Observers suggest that Ukraine should accept the current situation until it has enough political and economic strength to make independent decisions.

Putin, in the meantime, has shown a mature diplomatic strategy of using both brain and brawn. "Putin has greater odds of winning this game," Xu predicted.

Yanukovych asked Putin in a letter to use force to help restore law and order in his turmoil-stricken country, Russia announced on March 3. And Moscow still recognizes Yanukovych, who was removed from power by the Ukrainian parliament last month, as Ukraine's lawful leader. Russian Prime Minister Dmitry Medvedev declared that Yanukovych was still the "legitimate" head of state despite the latter's "negligible" authority. Moreover, Russia said its Black Sea Fleet based in Crimea is not interfering in Ukraine's internal political events and that there is no need to send Russian troops to Ukraine "so far."

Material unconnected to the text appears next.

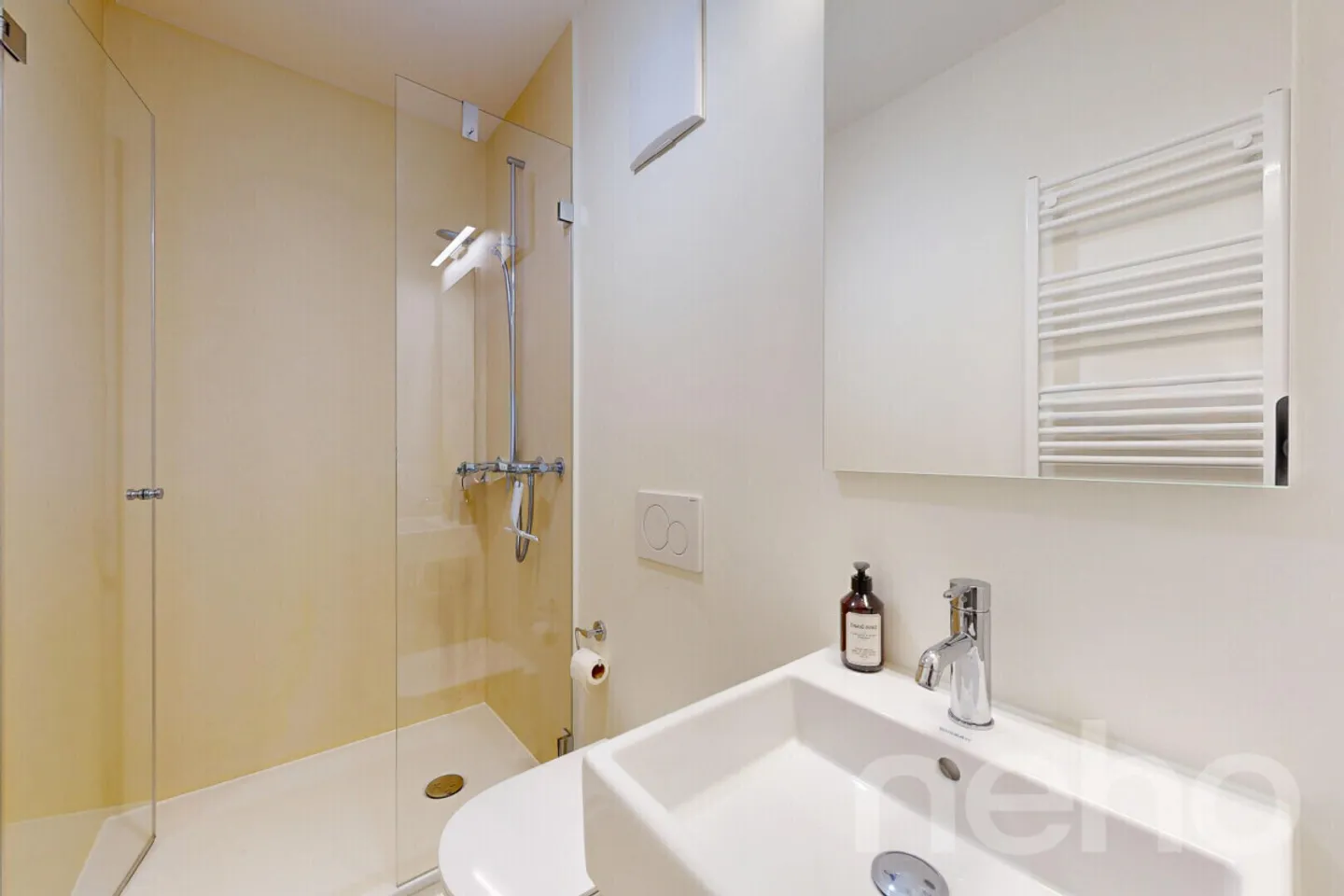 Casa a schiera ristrutturata con stile - Foto 7 di 12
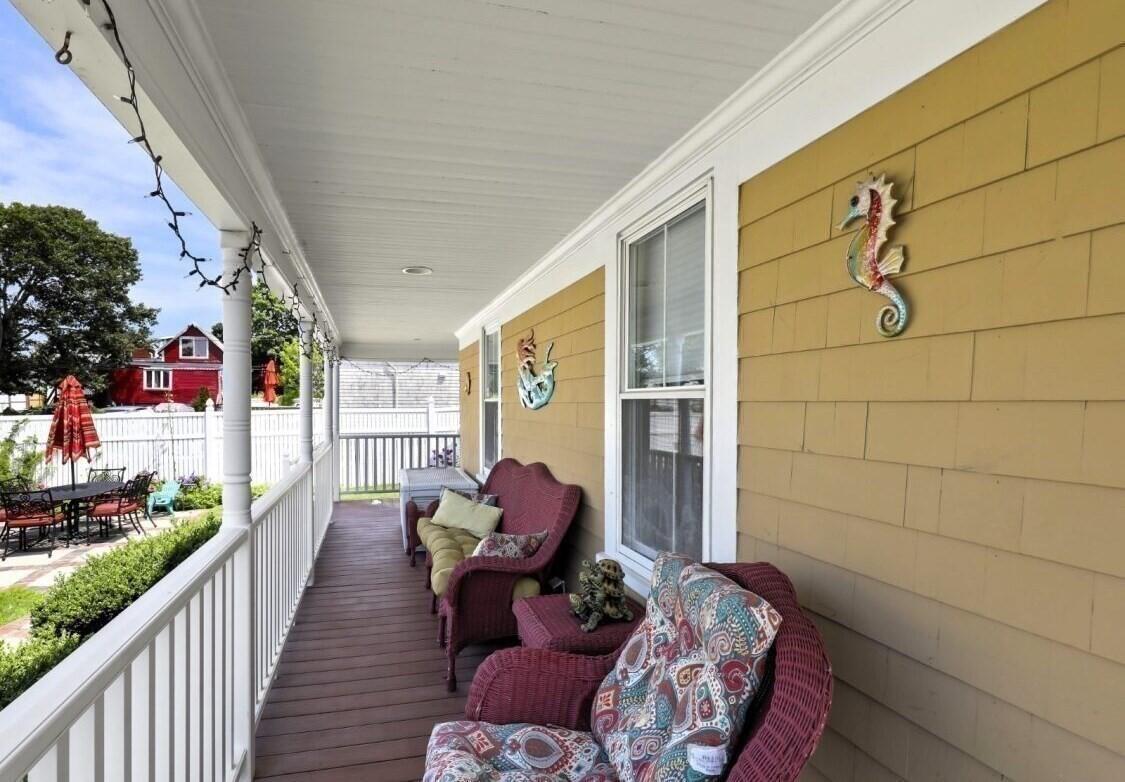Wareham, Massachusetts, 02571, United States, 3 Bedrooms Bedrooms, ,2 BathroomsBathrooms,Residential,For Sale,1927382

The parliament in Ukraine's crisis-stricken Autonomous Republic of Crimea voted on March 6 to become part of Russia. It also scheduled a referendum for March 16 to determine whether the Crimean people themselves would like to remain part of Ukraine or to join Russia.

Crimea, a multiethnic region with a large Russian population, has enjoyed a high degree of autonomy since Ukraine gained independence. Russia has maintained its only Black Sea naval base in the port of Sevastopol, Crimea.

"Putin adopted a smart diplomatic tactic in dealing with the Ukrainian crisis," said Xu. Russia will not militarily interfere in the Ukrainian crisis, but it will reserve the right to take military actions depending on the development of the situation, he added.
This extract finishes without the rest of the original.